Upfront fees, commission splits, NO profit-sharing, and lack of ownership.

These are the hallmarks of most of the agency groups or 'cluster' programs prevalent in the market today. IF you are considering joining an agency group, you must understand the most critical program aspects and ask the right questions, so you don't end up making a costly mistake.

How can you make an informed decision before taking the plunge? Start by asking these 10 crucial questions:

1: Is there an upfront charge, and if so, what does this cover?

It is typical for groups to charge upfront fees. However, if those fees are anywhere north of $5,000, then it may be time to look elsewhere. A group will incur costs when setting up and onboarding new agencies to its group, and sometimes they will pass these down to the new member. But there is a point where the fee becomes unreasonable for the services that are provided, so be cautious when these fees feel excessive. Better yet, find a group that doesn't have upfront fees.

2: Are there monthly fees? If so, what do these fees cover?

Many groups charge monthly fees. Sometimes these fees cover a minimum amount needed to run the group at the management level. Other times it covers 'technology' requirements mandated by the group. These fees are common and can be reasonable, but you need to ask what they are and why they are charged.

3: What is the commission split?

Most organizations or groups make money by splitting commissions with their member agencies. Do the math! How much is that commission split really costing you? It may not be much today when starting your agency, but what about when you build an agency with annual commissions of $150,000? At that commission level, if you join a group that takes a 20-50% cut of your renewals, that equals $30,000 - $75,000 PER YEAR!
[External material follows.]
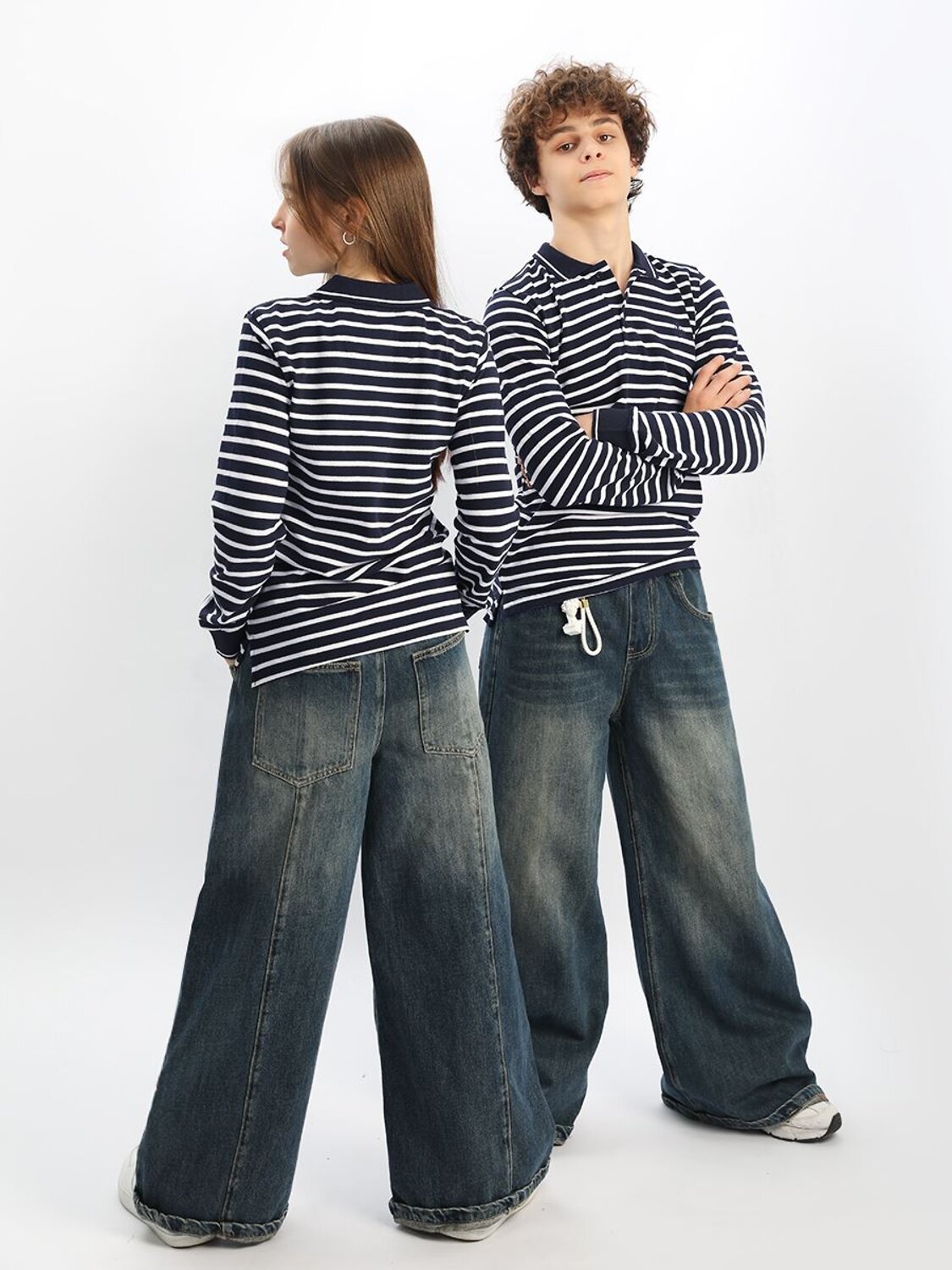 Соль&Перец Джинсы 578841 SP0433KD синий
Instead of a commission split arrangement, look for a group that charges a flat fee. Then you can truly grasp your cost of doing business with that group.

4: If there is a commission split, am I required to pay you on business I write outside the group?

This may seem like an outlandish question, but make no mistake, it is common practice. According to their contract, many groups require a cut of any business written directly with carriers that are outside the group. Some groups won't even allow an agency to write business with carriers not offered through their platform. Be careful and read the contract carefully.

5: Do you offer profit-sharing or carrier bonuses?

I see the following scenario frequently: A startup independent agency is looking to get access to the BIG carriers and decides to start a relationship with a regional MGA that offers a commission split arrangement of 80/20. They receive ZERO profit-sharing, and because they come from a captive agency environment, they don't even ask about these carrier bonuses!

In contrast, look for a group that splits the profit-sharing bonuses with its members. Retaining a PORTION of the carrier bonuses is fair for any group or cluster, but it gets greedy when that percentage is 100% to the group ownership and 0% to you.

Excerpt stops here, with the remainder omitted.